| ABOUT THIS EXERCISE |
Reproduce, exactly and in full, only the lines below from the one containing "Image of 5500" through the one containing "Слот Мега Фортуна".

| EXERCISE MATERIAL |
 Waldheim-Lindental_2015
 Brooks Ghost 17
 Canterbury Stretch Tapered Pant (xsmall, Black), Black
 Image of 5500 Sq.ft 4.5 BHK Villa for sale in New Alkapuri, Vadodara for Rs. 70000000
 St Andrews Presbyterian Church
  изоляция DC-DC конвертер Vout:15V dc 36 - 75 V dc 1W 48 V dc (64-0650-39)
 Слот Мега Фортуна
--
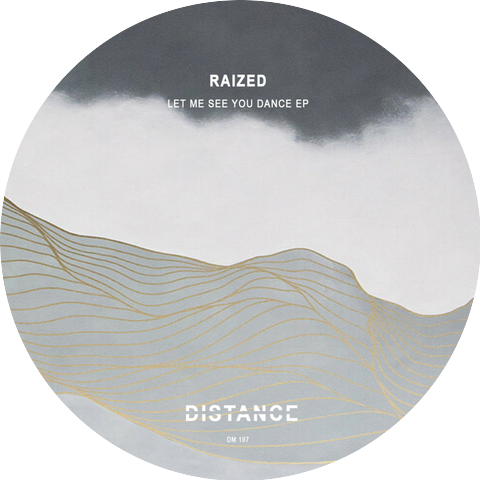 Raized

| SOLUTION BELOW |
 Image of 5500 Sq.ft 4.5 BHK Villa for sale in New Alkapuri, Vadodara for Rs. 70000000
 St Andrews Presbyterian Church
  изоляция DC-DC конвертер Vout:15V dc 36 - 75 V dc 1W 48 V dc (64-0650-39)
 Слот Мега Фортуна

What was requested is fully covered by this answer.